Inserting OMML into Text Frame or Paragraph
Hello,
I am trying to build a pipeline to convert existing MathML to OMML and insert it into a text frame in PPT.
I came across a very useful post regarding inserting MathML into a Word doc with python-docx. It involves performing an XSL transformation on the plain MML using Office's "MML2OMML.XSL", then appending that etree object to a new paragraph. (https://github.com/python-openxml/python-docx/issues/320)
Here's an example that works for me with python-docx:
from docx import Document
from docx.shared import Inches
from lxml import etree
doc = Document()
# Convert MathML (MML) into Office MathML (OMML) using a XSLT stylesheet
tree = etree.fromstring('<math xmlns="http://www.w3.org/1998/Math/MathML"><mi>x</mi><mo>=</mo><mstyle displaystyle="true"><mfrac><mrow><mrow><mo>−</mo><mi>b</mi></mrow><mo>±</mo><msqrt><msup><mi>b</mi><mn>2</mn></msup><mo>−</mo><mrow><mn>4</mn><mo>⁢</mo><mi>a</mi><mo>⁢</mo><mi>c</mi></mrow></msqrt></mrow><mrow><mn>2</mn><mo>⁢</mo><mi>a</mi></mrow></mfrac></mstyle></math>')
xslt = etree.parse('C:/Program Files/Microsoft Office/root/Office16/MML2OMML.XSL')
transform = etree.XSLT(xslt)
new_dom = transform(tree)
p = doc.add_paragraph()
p._element.append(new_dom.getroot())
doc.save('testDoc.docx')
I tried something similar using python-pptx. It runs without throwing any errors and creates the specified file, however the created document contains no equation.

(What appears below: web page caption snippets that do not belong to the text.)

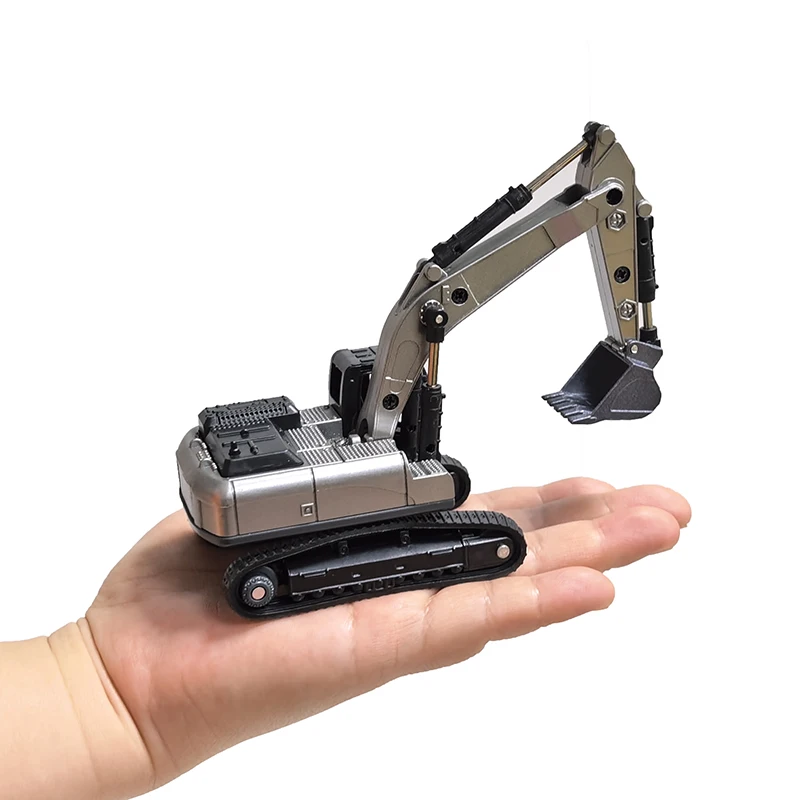 1:70 5 Styles Mini pelle perceuse Bulldozer jouets alliage ingénierie moulé sous pression véhicule de Construction gris pour enfants garçons cadeau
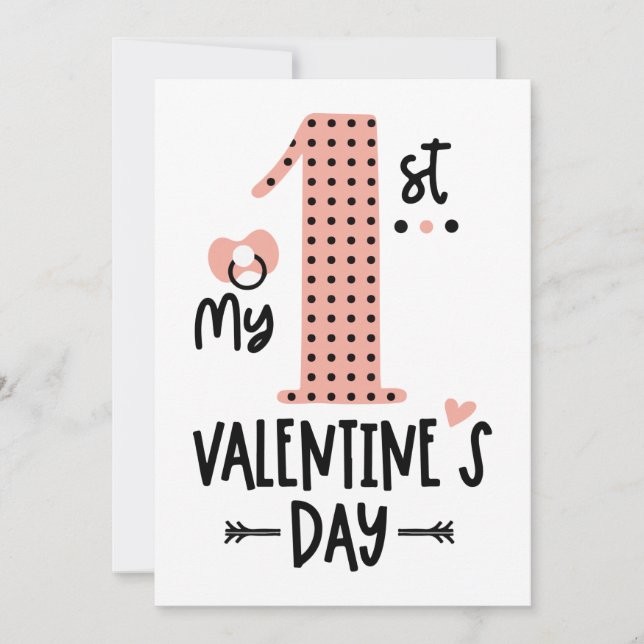 Happy First Valentines Day For Baby Holiday Card (Front)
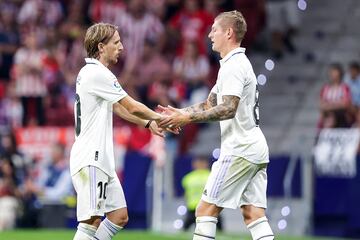 MADRID, SPAIN - SEPTEMBER 18: (L-R) Luka Modric of Real Madrid, Toni Kroos of Real Madrid during the La Liga Santander  match between Atletico Madrid v Real Madrid at the Estadio Civitas Metropolitano on September 18, 2022 in Madrid Spain (Photo by David S. Bustamante/Soccrates/Getty Images)
PUBLICADA 18/02/23 NA MA06 1COL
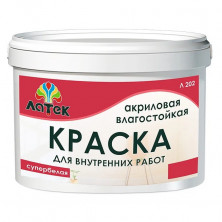 Краска акриловая Латек LAP007 Л202 влагостойкая супербелая 7 кг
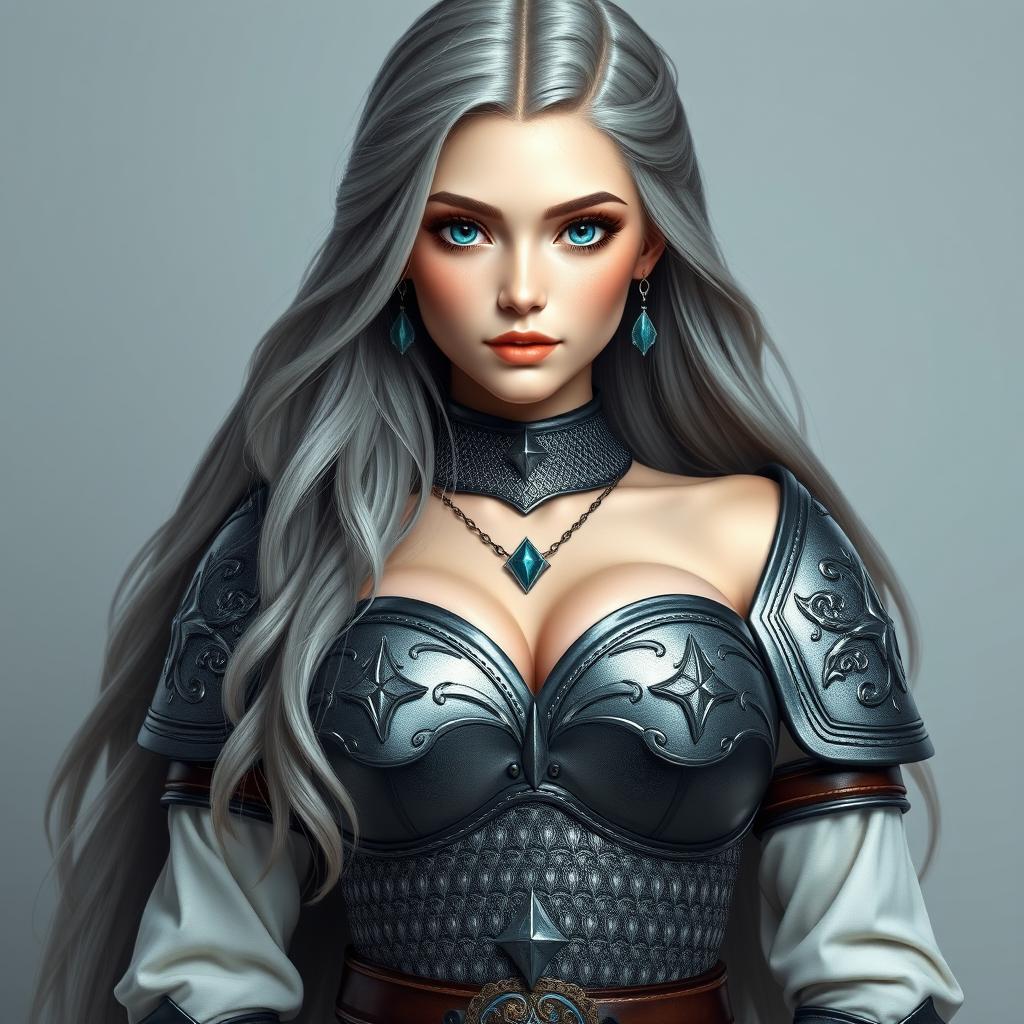 A stunning European cleric girl with very bright turquoise eyes and long, flowing ash grey hair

Here's my attempt with python-pptx:
from pptx import Presentation
from pptx.util import Inches, Pt
from lxml import etree
prs = Presentation()
blank_slide_layout = prs.slide_layouts[6]
slide = prs.slides.add_slide(blank_slide_layout)
left = top = width = height = Inches(1)
txBox = slide.shapes.add_textbox(left, top, width, height)
tf = txBox.text_frame
# Convert MathML (MML) into Office MathML (OMML) using a XSLT stylesheet
tree = etree.fromstring('<math xmlns="http://www.w3.org/1998/Math/MathML"><mi>x</mi><mo>=</mo><mstyle displaystyle="true"><mfrac><mrow><mrow><mo>−</mo><mi>b</mi></mrow><mo>±</mo><msqrt><msup><mi>b</mi><mn>2</mn></msup><mo>−</mo><mrow><mn>4</mn><mo>⁢</mo><mi>a</mi><mo>⁢</mo><mi>c</mi></mrow></msqrt></mrow><mrow><mn>2</mn><mo>⁢</mo><mi>a</mi></mrow></mfrac></mstyle></math>')
xslt = etree.parse('C:/Program Files/Microsoft Office/root/Office16/MML2OMML.XSL')
transform = etree.XSLT(xslt)
new_dom = transform(tree)
p = tf.add_paragraph()
p._element.append(new_dom.getroot())
prs.save('testDoc.pptx')
Clearly I'm doing something wrong here, but I'm not quite sure what.
I simplified my MathML to <math xmlns="http://www.w3.org/1998/Math/MathML"><mi>x</mi></math> and manually inserted the resulting OMML into a blank PPT slide then compared the slide1.xml between an empty slide & the slide with the formula.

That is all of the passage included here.